Gut-Brain Axis Hormones - Tummy Talks & Tells

• Orexigenic (Appetite Stimulating):
  • Ghrelin ("Hunger Hormone"):
    • Source: Stomach (P/D1 cells).
    • Action: Stimulates NPY/AgRP neurons (arcuate nucleus) → ↑ appetite.
    • Levels: ↑ pre-meal, ↓ post-meal.
• Anorexigenic (Appetite Suppressing):
  • Leptin ("Satiety Hormone"):
    • Source: Adipose tissue.
    • Action: Inhibits NPY/AgRP, stimulates POMC/CART neurons → ↓ appetite, ↑ energy expenditure.
    • Note: Leptin resistance common in obesity.
  • Insulin:
    • Source: Pancreatic β-cells.
    • Action: Central anorexigenic effects; inhibits NPY/AgRP.
  • CCK (Cholecystokinin):
    • Source: I-cells (duodenum, jejunum).
    • Action: ↓ food intake, meal size; signals via vagus nerve.
  • GLP-1 (Glucagon-like peptide-1):
    • Source: L-cells (ileum, colon).
    • Action: ↓ appetite, slows gastric emptying, ↑ insulin secretion.
  • PYY (Peptide YY 3-36):
    • Source: L-cells (ileum, colon), released postprandially.
    • Action: ↓ appetite (inhibits NPY neurons).

⭐ Ghrelin is the only known peripheral orexigenic hormone; its levels rise before meals and fall sharply after eating, signaling hunger to the brain.

Long-Term Regulators - Fat's Feedback Loop

• Adiposity signals reflecting body fat stores, primarily Leptin and Insulin.
• Leptin:
  • Source: Adipose tissue.
  • Action: Proportional to fat mass; signals satiety to hypothalamus (arcuate nucleus).
  • Mechanism: Stimulates anorexigenic POMC/CART neurons; inhibits orexigenic NPY/AgRP neurons.
  • Effect: ↓ Food intake, ↑ Energy expenditure.
  • 📌 Leptin = Lose weight (feel full).
  • Leptin resistance: Impaired CNS response despite high leptin levels, common in obesity.
• Insulin:
  • Source: Pancreatic β-cells.
  • Action: Also acts as an adiposity signal in the CNS, synergizing with leptin.
  • Effect: Contributes to ↓ food intake.

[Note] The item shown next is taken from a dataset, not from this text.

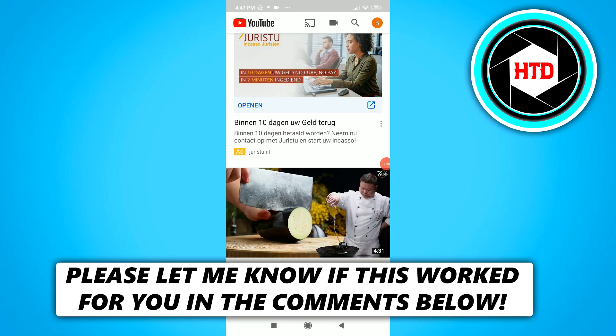In this video, I'm going to show you guys what to do when the share button is not appearing on the YouTube app.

⭐ In most obese individuals, leptin levels are high, indicating leptin resistance rather than deficiency.

Integrative & Other Influences - The Full Plate

• Sensory cues: Sight, smell, taste (cephalic phase stimulation).
• Psychological: Stress (variable effect), mood, learned habits, social factors.
• Environmental: Food availability, portion sizes, food advertising.
• Sleep: Deprivation (< 7 hrs) → ↑ghrelin, ↓leptin → ↑hunger.
• Physical activity: Modulates energy balance and appetite.
• Other states: Pregnancy, lactation ↑intake; illness (e.g., fever) ↓intake.

⭐ Sleep deprivation (< 7 hrs/night) alters appetite hormones (↑ghrelin, ↓leptin), promoting hunger and potential weight gain.

High‑Yield Points - ⚡ Biggest Takeaways

• Hypothalamus is key: Lateral (LH) is feeding center (↑ by ghrelin); Ventromedial (VMH) is satiety center (↑ by leptin, CCK).
• Ghrelin (stomach) is the primary orexigenic hormone, stimulating hunger.
• Leptin (adipose tissue) is anorexigenic, signaling satiety and ↑ energy expenditure.
• PYY (ileum/colon) & CCK (duodenum) promote short-term satiety.
• Insulin & GLP-1 also act centrally to reduce food intake.
• Arcuate nucleus: NPY/AgRP stimulate feeding; POMC/CART inhibit feeding.